-------- Excerpted data

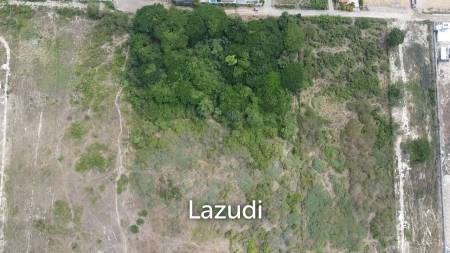 Prime 12 Rai Land with Mountain Views on Soi 94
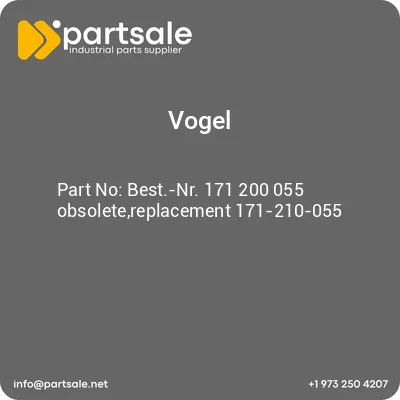 best-nr-171-200-055-obsoletereplacement-171-210-055
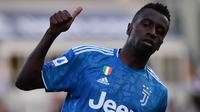 5. Blaise Matuidi (Juventus) - Gelandang milik Bianconeri ini kontraknya akan habis pada Juni 2020 mendatang. Jika Juventus tidak segera memperpanjang kontraknya maka ini akan menjadi kesempatan Manchester United untuk memboyongnya. (AFP/ Marco Bertorello)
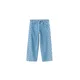 MANGO KIDS Kavbojke LASER moder denim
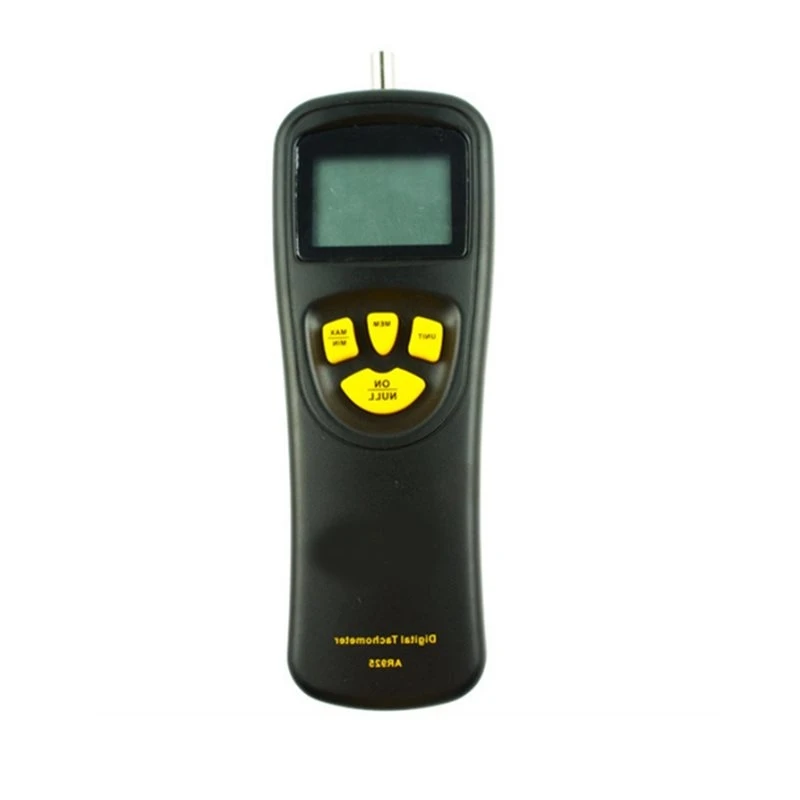 A60E-Rotational Speed Meter Digital Tachometer RPM Contact Motor Non Contact Photoelectric Speedometer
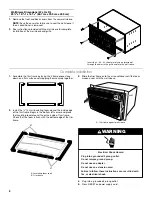 Preview for 8 page of Amana ACW106R Use & Care Manual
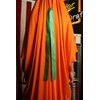 Clearstone Cosplay Halloween 2-Way Teru Pumpkin Poncho, Unisex, Orange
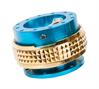 Generation 2.1 Quick Release New Blue Body & Gold Ring - image 1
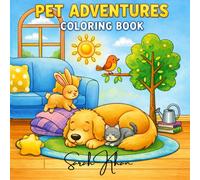 Pet Adventures: Coloring Book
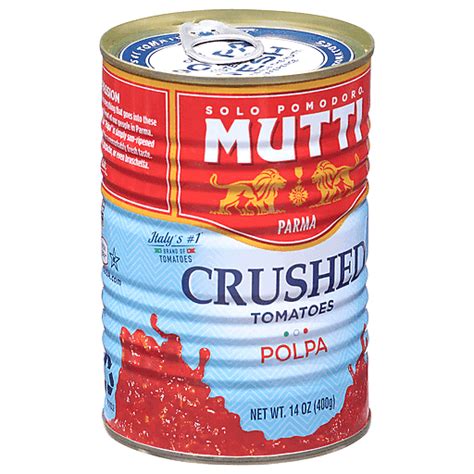 Mutti Tomato Polpa Finely Chopped Canned Tomatoes Foodtown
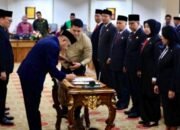 Walikota Palembang  Kembali Geser Sejumlah Pejabat Kepala Dinas Dan Sekretaris
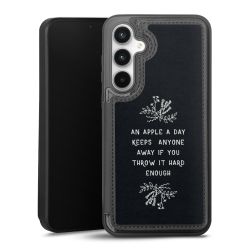 Snap Wallet Case schwarz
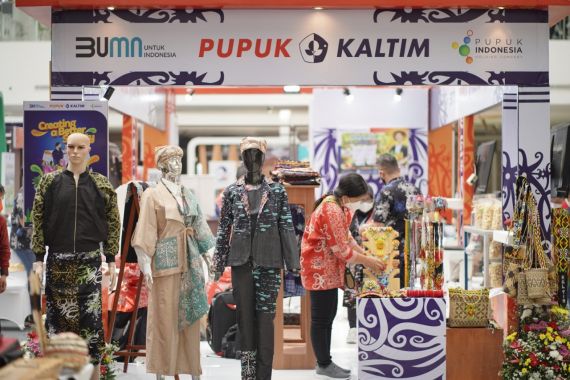 Pupuk Kaltim Hadirkan Ragam Produk Unggulan Ber-SNI di IQE ke-9 - JPNN.COM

----------------

_Work to complete_:
Leaving the pictures aside, write out the entries above exactly.

_Response below_:
 Prime 12 Rai Land with Mountain Views on Soi 94
 best-nr-171-200-055-obsoletereplacement-171-210-055
 5. Blaise Matuidi (Juventus) - Gelandang milik Bianconeri ini kontraknya akan habis pada Juni 2020 mendatang. Jika Juventus tidak segera memperpanjang kontraknya maka ini akan menjadi kesempatan Manchester United untuk memboyongnya. (AFP/ Marco Bertorello)
 MANGO KIDS Kavbojke LASER moder denim
 A60E-Rotational Speed Meter Digital Tachometer RPM Contact Motor Non Contact Photoelectric Speedometer
 Preview for 8 page of Amana ACW106R Use & Care Manual
 Clearstone Cosplay Halloween 2-Way Teru Pumpkin Poncho, Unisex, Orange
 Generation 2.1 Quick Release New Blue Body & Gold Ring - image 1
 Pet Adventures: Coloring Book
 Mutti Tomato Polpa Finely Chopped Canned Tomatoes Foodtown
 Walikota Palembang  Kembali Geser Sejumlah Pejabat Kepala Dinas Dan Sekretaris
 Snap Wallet Case schwarz
 Pupuk Kaltim Hadirkan Ragam Produk Unggulan Ber-SNI di IQE ke-9 - JPNN.COM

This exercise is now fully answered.